= Vladko Panayotov =

Vladko Panayotov (Bulgarian: Владко Тодоров Панайотов; born 7 May 1950 in Pavlikeni) is a scholar and Bulgarian member of the European Parliament who sits on the committee for the Environment, Public Health and Food Safety. He is also a substitute for the Committee on Industry, Research and Energy. He is a member of the Movement for Rights and Freedoms party of Bulgaria and in the European Union he is part of the Group of the Alliance of Liberals and Democrats for Europe.

==Early life==
Prof.
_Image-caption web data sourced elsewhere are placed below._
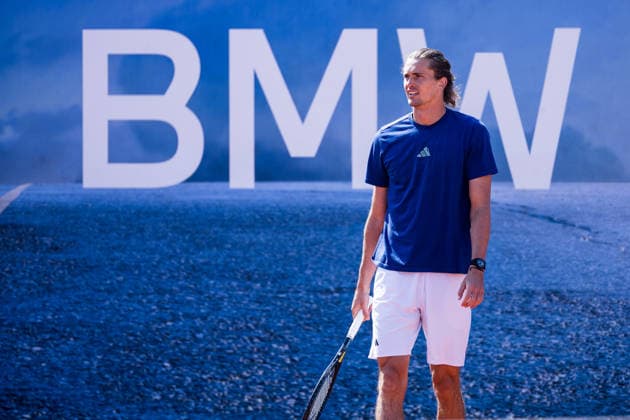 MUNICH, GERMANY - APRIL 17: Alexander Zverev (GER) training during the BMW Open by Bitpanda at MTTC Iphitos on April 17, 2026 in Munich, Germany. Bavaria Germany Copyright: xSteffiexWunderlx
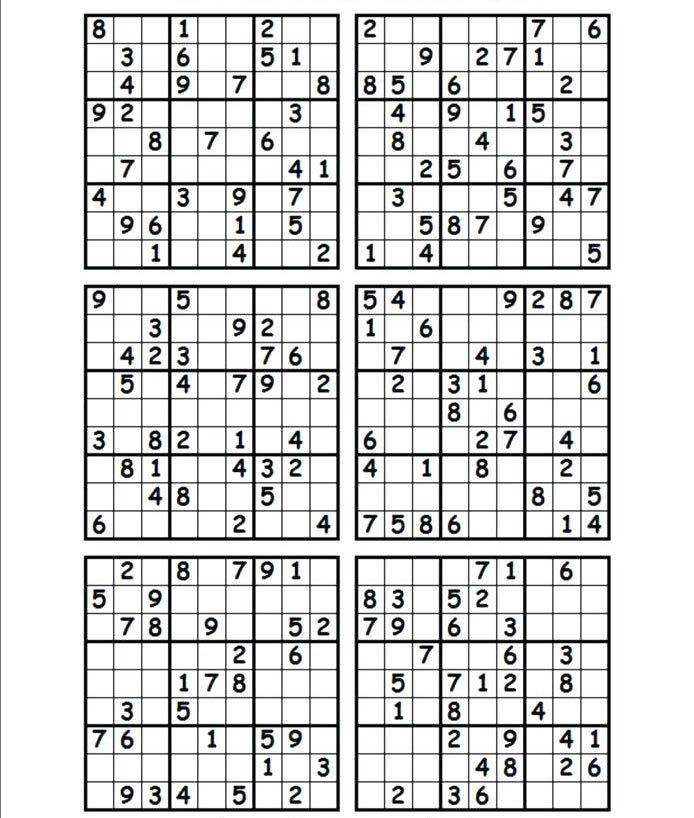 Sudoku medium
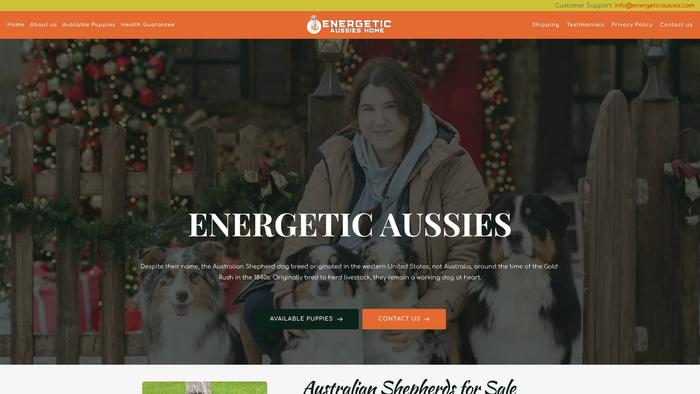 Energeticausies.com - Australian Shepherd Puppy Scam Review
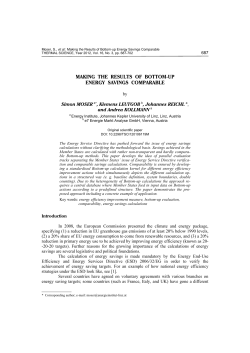 Making the results of bottom-up energy savings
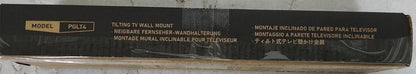 TV Wandhalterung 37-82 Zoll 45 kg Neigbar Flach VESA 600x400mm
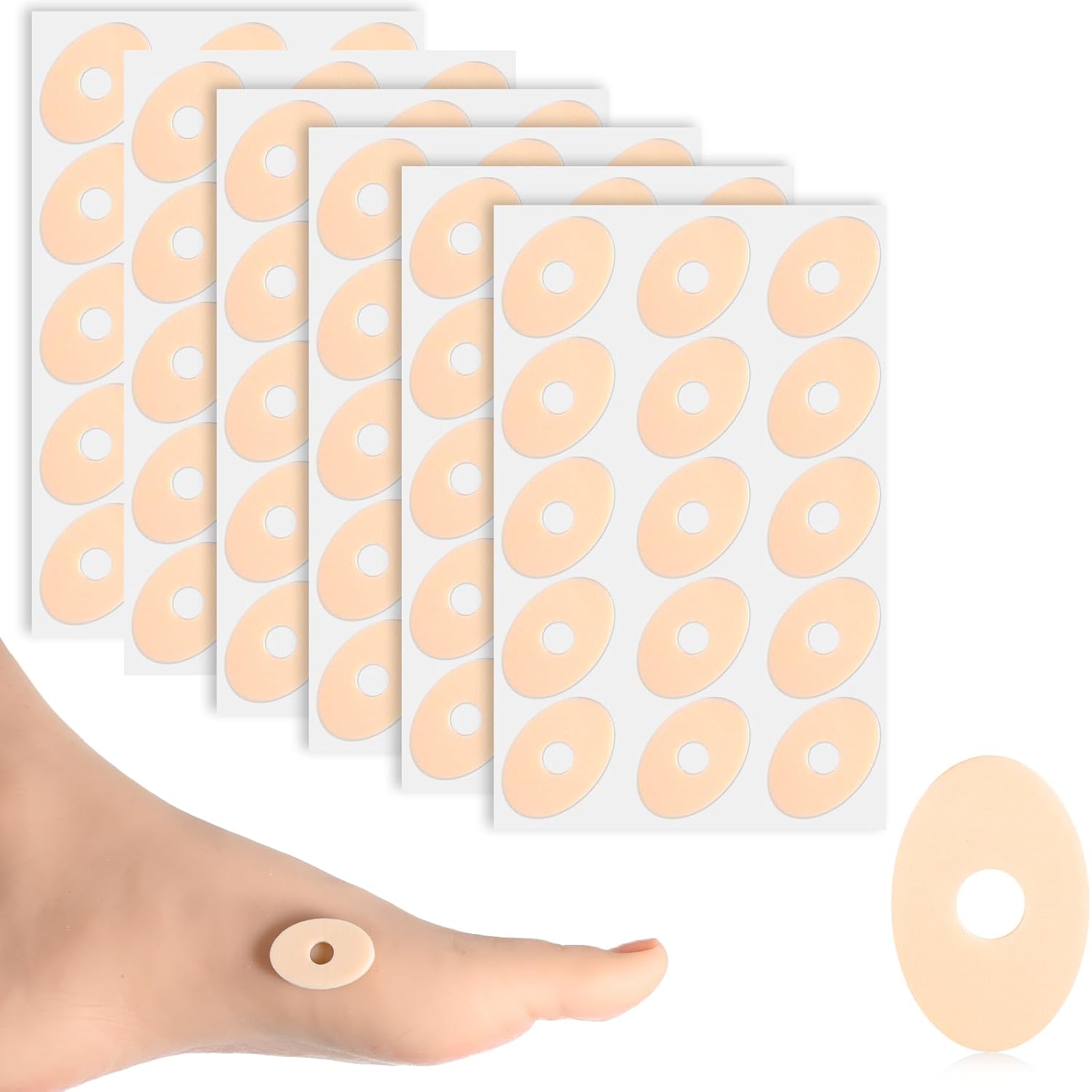 SHENLIU 60Pcs Corn Removers for Toes, Corn Cushions for Toes, Callus Cushions Pads Corns Pads, Sponge Corns Stick for Feet for Between Toe, Feet, Pinky, Bandages for Men Women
Vladko Panayotov was educated in Moscow and Sofia, and holds a Ph.D. His areas of study include mineral processing and chemical cybernetics. In 1975, he worked as an Engineer at the Central Institute on Complex Automatics in Sofia. Between 1975 and 1977 he carried out regular military service.

==Inventions==

Panayotov created an environmentally friendly technology which extracts non-ferrous metals from industrial waste (including copper, nickel and aluminum). This technology avoids the use of cyanides, acids and over non-environmentally friendly materials and reduces the amount of industrial waste produced.

==Publications==

Panayotov has published over 160 works including 26 inventions, 5 monographs (in Bulgarian and in English) and 4 textbooks.